WHAT TO WORK ON |
Omit the pictures and retype only the lines from the one containing "Examining the Role" through the end of the listing, both ends included.

PROVIDED DATA |
'''

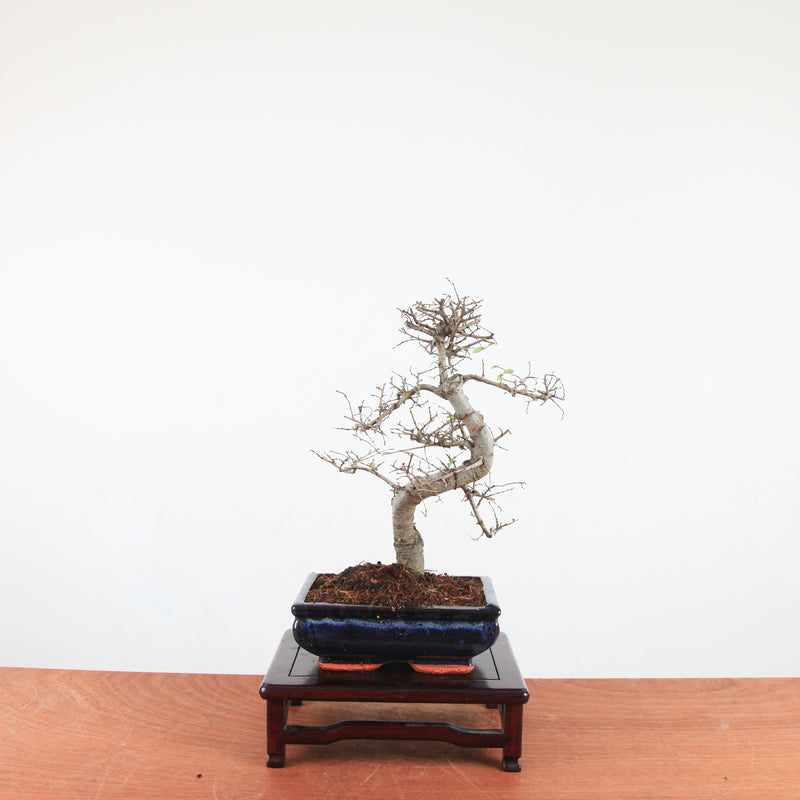 Bonsai Ulmus Parvifolia 'Chinese iep'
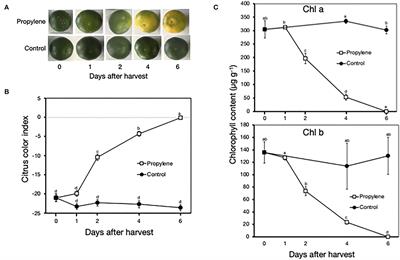 Examining the Role of Low Temperature in Satsuma Mandarin Fruit Peel Degreening via Comparative Physiological and Transcriptomic Analysis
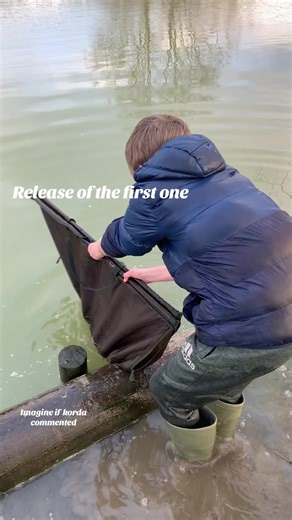 Releasing this stunner of a fish can’t wait to get back out on the bank and do this all again #fyp #carpfishinguk #fishing #korda #foxinternational @Team Korda @Fox International @Fish With Carl @Lord Of The gingers fishing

'''

EXERCISE RESPONSE |
 Examining the Role of Low Temperature in Satsuma Mandarin Fruit Peel Degreening via Comparative Physiological and Transcriptomic Analysis
 Releasing this stunner of a fish can’t wait to get back out on the bank and do this all again #fyp #carpfishinguk #fishing #korda #foxinternational @Team Korda @Fox International @Fish With Carl @Lord Of The gingers fishing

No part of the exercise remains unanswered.